What does the perfect jaw look like? New study reveals the right angles for the perfect face shape

What is the ideal jaw shape for women? According to a study, Belgian scientists have identified angles that can help with jaw-shaping procedures for women.

What does the perfect jaw look like? New study reveals the right angles for the perfect face shape

The authors write to help design a jaw-angled implant, determine jaw surgery strategies, clinicians can use shapes deemed attractive or shape the angles with injectables.

“The importance of facial aesthetics in many aspects of human well-being and quality of life is traditionally underestimated in medicine. An attractive face is directly related to great opportunities, great success and self-confidence,” wrote one of the co-authors, Dr. Robert Kleime from the Department of Plastic Surgery at the University Hospital of Ghent in Belgium.

Artists, scientists, orthodontists as well as maxillofacial surgeons have tried to explain the specific elements that make up an aesthetically pleasing face shape. The classical and neoclassical features of the Renaissance and the golden ratio have been promoted and criticized. In addition, the emergence of the latest beauty standards on social media and the Internet has influenced subsequent generations and made them more prone to cosmetic procedures. As cosmetic surgery becomes more and more popular, clinicians need to plan their aesthetic improvements in the best possible way.

To assess the features of an attractive female chin, 46 experts looked at photos of 53 white celebrities, including Angelina Jolie, Kate Moss, Emma Stone, Margot Robbie and Kendall Jenner, as well as photos of non-celebrity women. The authors wrote that the eyes of the women in the photographs were darkened to appear featureless.

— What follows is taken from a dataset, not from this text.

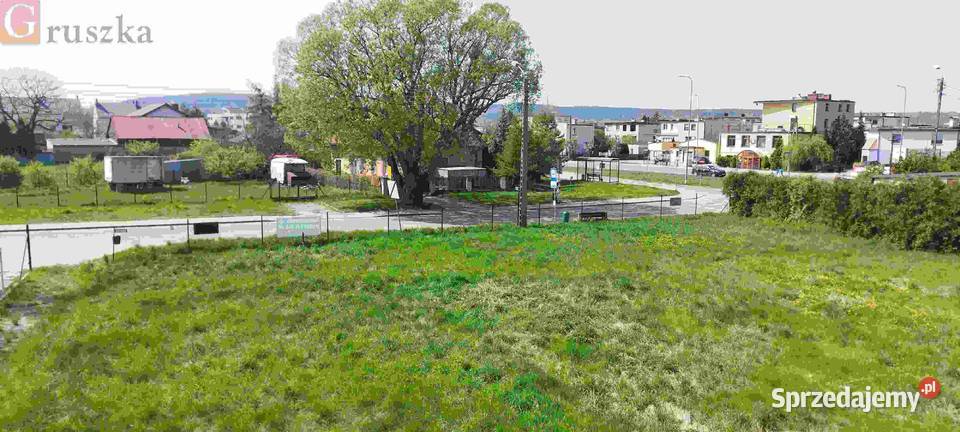Działka usługowomieszkaniowa w Rumi Partyzantów 1025m2 pomorskie Rumia sprzedam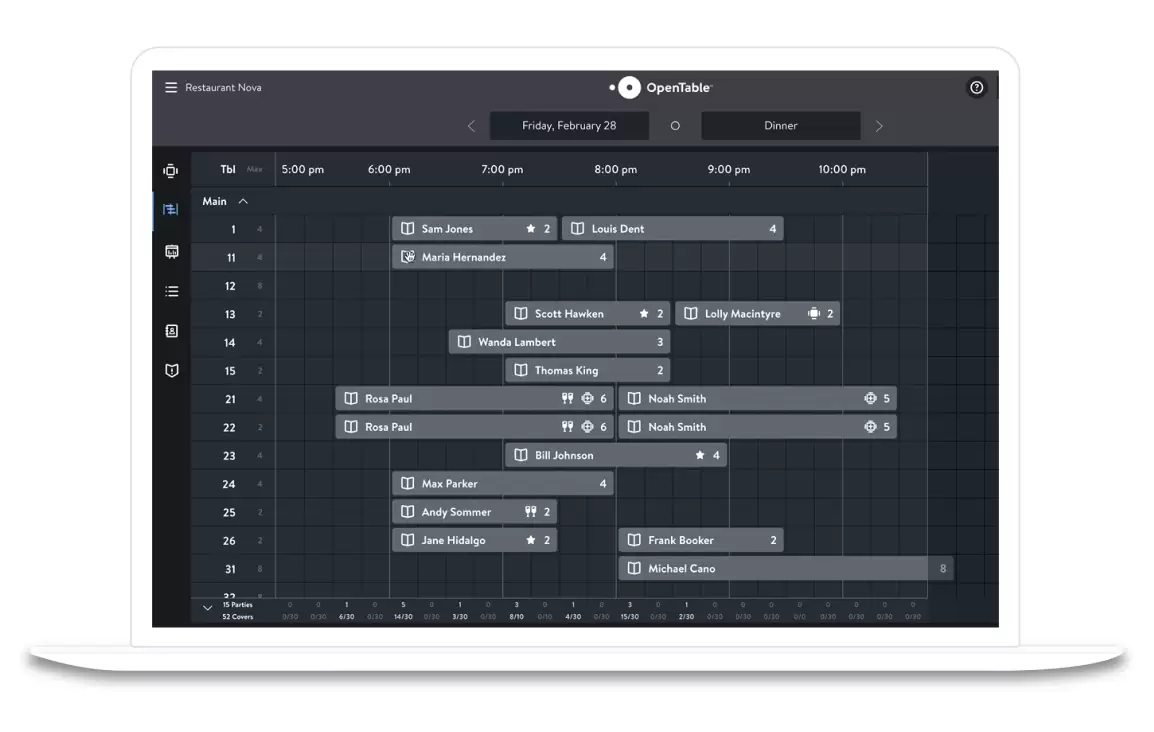 Restaurant Table Management System | OpenTable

Of the experts, 32 performed face contouring operations, and 14 had no experience in this field. According to the study, participants used an online survey to rate each woman's attractiveness.

The most attractive characteristics were considered to be a gonial angle in profile of 125.5° and a front view of 142°. Meanwhile, the angle of inclination in profile was higher at 129.1° in those who were considered less attractive, they wrote.

Of those subjects who were considered attractive, the ratio of the width of the interorbital spaces was 0.83, and for those who were considered unattractive, it was 0.86. In addition, the vertical position of the jaw angles at the level of the stomion or upper lip, the authors write.

The authors acknowledge that the study had limitations, including factors such as taking into account other facial features of the models. For example, hairstyle or lip shape could also affect attractiveness ratings.

“Nevertheless, these results can help the surgeon during the examination of the patient and the planning of the operation,” wrote Dr. Kleime and his colleague.